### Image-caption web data
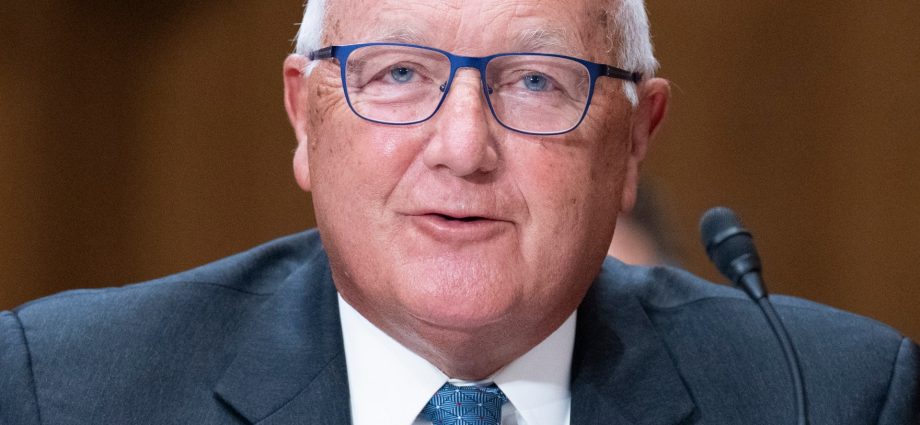 canadian-petition-to-expel-us-ambassador-gains-over-170,000-signatures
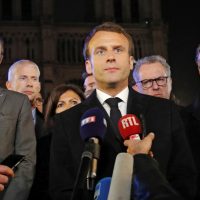 Macron promete reconstruir Notre Dame y dice que se ha evitado lo peor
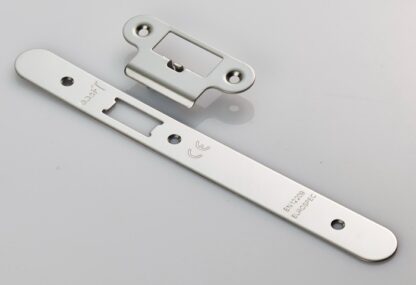 EuroSpec FSF5016BSS/R Forend Strike & Fixing Pack To Suit Din Latch-Bright Stainless Steel-Radius Forend (LEAD TIME: 2-3 DAYS)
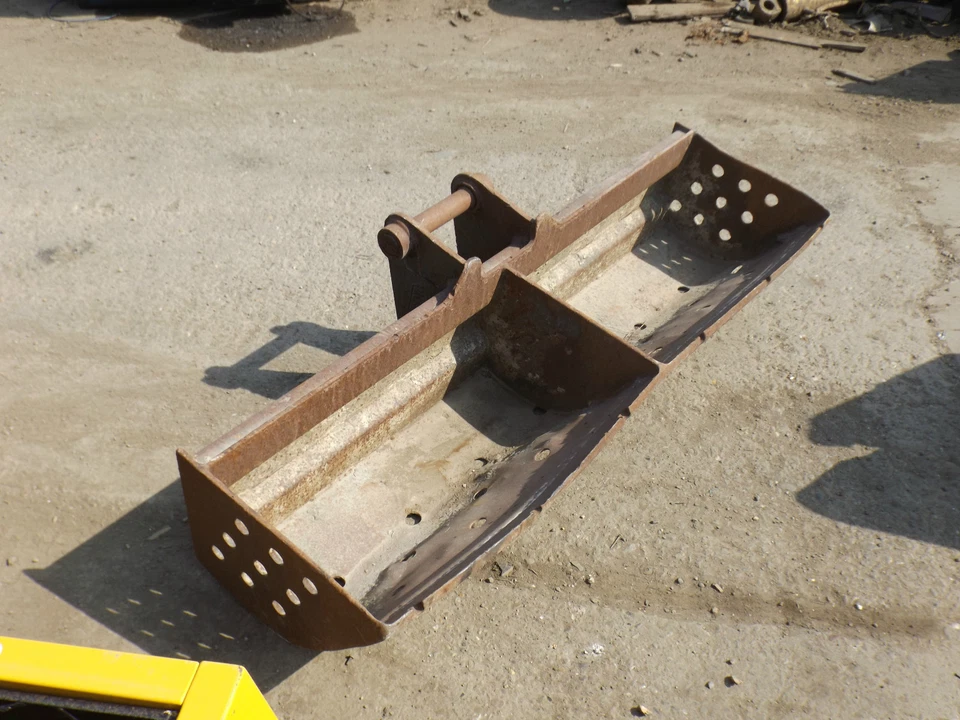 1.5m 3CX Grading Bucket P/D 45mm D/W 175mm C/C 345mm (1002) - Image 1 of 1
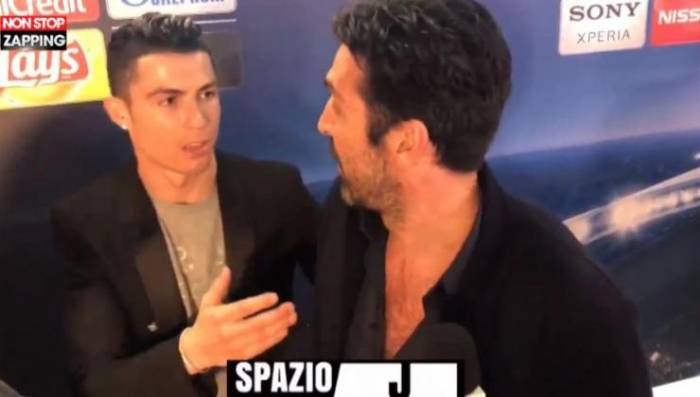 Ronaldo réconforte Gigi Buffon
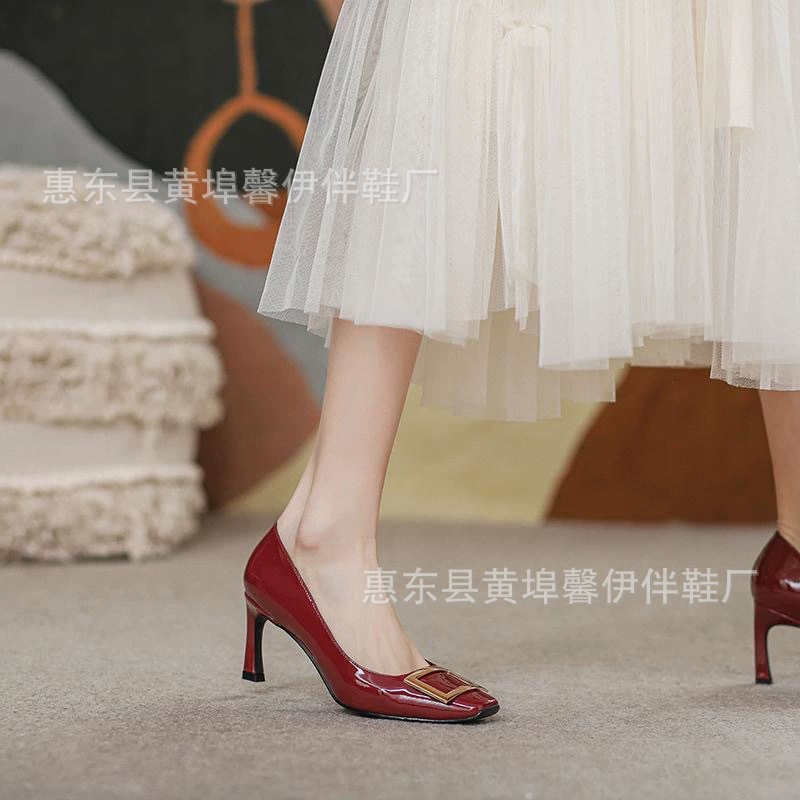 Французские женские туфли на высоком каблуке квадратная головка квадратная пряжка 2025 новый пригородной лакированной кожи темперамент светло-рот одна обувь рабочая мода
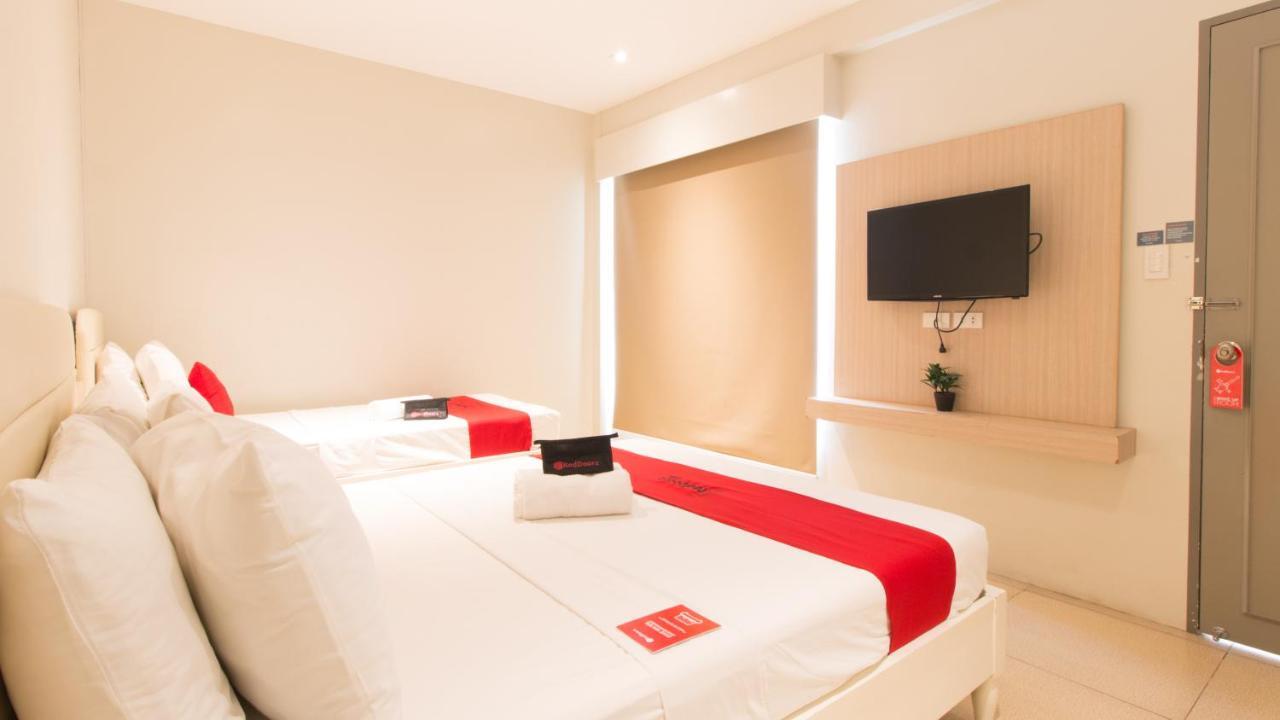 Reddoorz @ General Segundo Avenue Laoag Hotel ภายนอก รูปภาพ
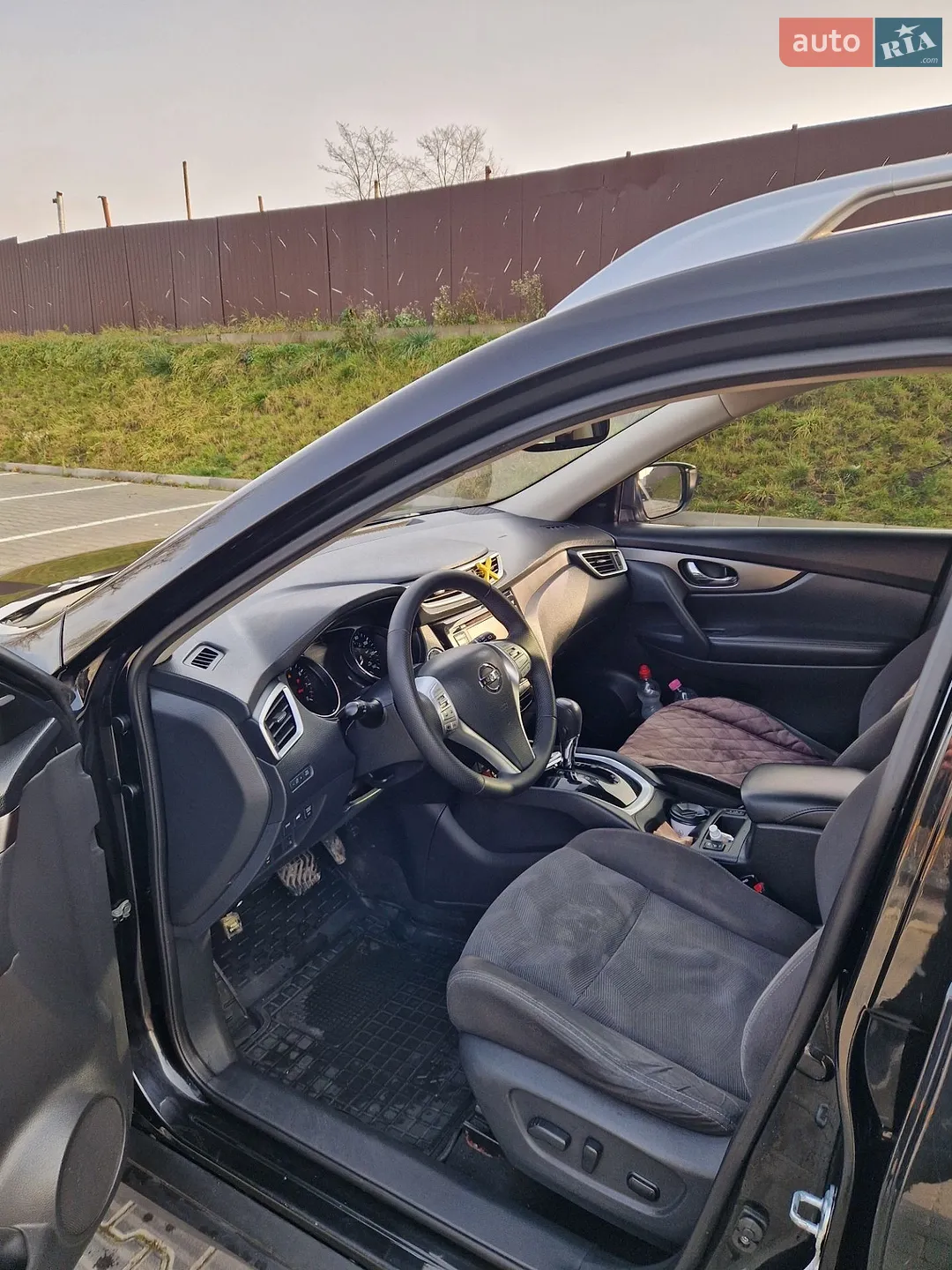 2016 Nissan Rogue - мініатюра 3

### Task objective
The copy starts at the line holding "Французские женские туфли" and ends at the last line of the records above. Transcribe those lines exactly, pictures excluded.

### Result below
 Французские женские туфли на высоком каблуке квадратная головка квадратная пряжка 2025 новый пригородной лакированной кожи темперамент светло-рот одна обувь рабочая мода
 Reddoorz @ General Segundo Avenue Laoag Hotel ภายนอก รูปภาพ
 2016 Nissan Rogue - мініатюра 3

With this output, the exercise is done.